Agency staff will craft an implementation plan in 2015 for rolling out the potential new offering for feds.
Members of the board that oversees the Thrift Savings Plan gave agency staff the green light on Monday to put together a plan next year for eventually allowing participants to invest some of their money in mutual funds of their choosing.
“It’s a conceptual approval,” said Kim Weaver, director of external affairs at the Federal Retirement Thrift Investment Board. “It takes significant resources to do an in-depth project plan, and we didn’t want to embark on that unless they were interested in pursuing it.”
That means the agency will do more homework on creating a mutual fund window option for TSP enrollees in addition to the plan’s current five core funds and five lifecycle offerings. Staff will craft a detailed implementation plan in 2015, including costs, risks and a timetable for potentially rolling out the new option. Even if the board ultimately decides to add mutual funds to the TSP line-up, the option likely won’t be available to participants for some time.
Weaver did not have a time frame for when the project plan would be complete.
Monday’s unanimous approval follows support from the Employee Thrift Advisory Council for moving forward on the mutual fund discussion.
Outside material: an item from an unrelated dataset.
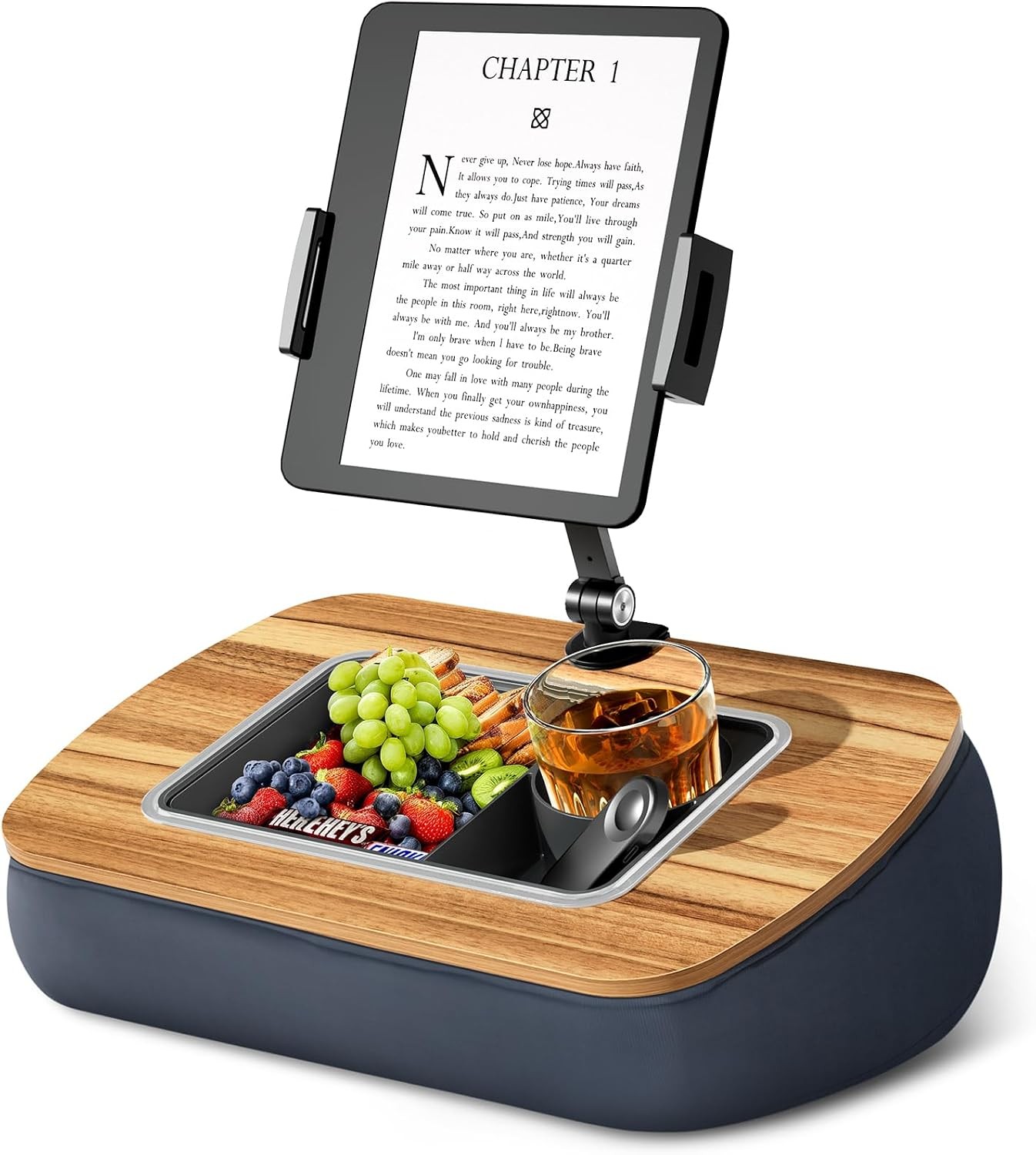ERGONOV Lap Reading Pillow + Adjustable Tablet Clamp & Silicone Snack Tray, Gray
ETAC, which includes representatives from several federal employee advocacy groups, met with FRTIB on Nov. 12.
During that meeting, the board’s Executive Director Greg Long said the agency favors moving forward with a mutual fund window for TSP participants because there is a demand among participants for greater investment flexibility, and more options mean participants will stay enrolled in the TSP longer, instead of parking their money elsewhere.
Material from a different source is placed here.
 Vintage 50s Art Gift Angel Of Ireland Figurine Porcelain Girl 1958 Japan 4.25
Twenty-three percent of TSP participants who took a post-separation withdrawal in the first half of the year cited investment flexibility as the reason. TSP officials also found that 45 percent of participants who left their federal jobs in 2012 withdrew their entire account within the next year -- a total of $10 billion in 2013.
Congress gave the board the option in the 2009 TSP Enhancement Act of adding mutual funds; the board and federal employee advocates have been weighing the pros and cons of introducing the option to the TSP portfolio ever since. “This is a big deal, and this is a meaningful change that I know my board and me personally have wrestled with,” Long said last week.
If the mutual fund window becomes reality, the board will thoroughly educate participants about the pros and cons of investing in such funds and the risks associated with them, Long said.
The TSP board estimated that creating the mutual fund window will cost between $6 million and $10 million, with a maintenance cost of about $1 million annually. The board would limit the amount enrollees could invest in mutual funds, likely to no more than 25 percent of their nest egg, Long said, and those who choose to invest in mutual funds would be charged a fee, probably $100 per year.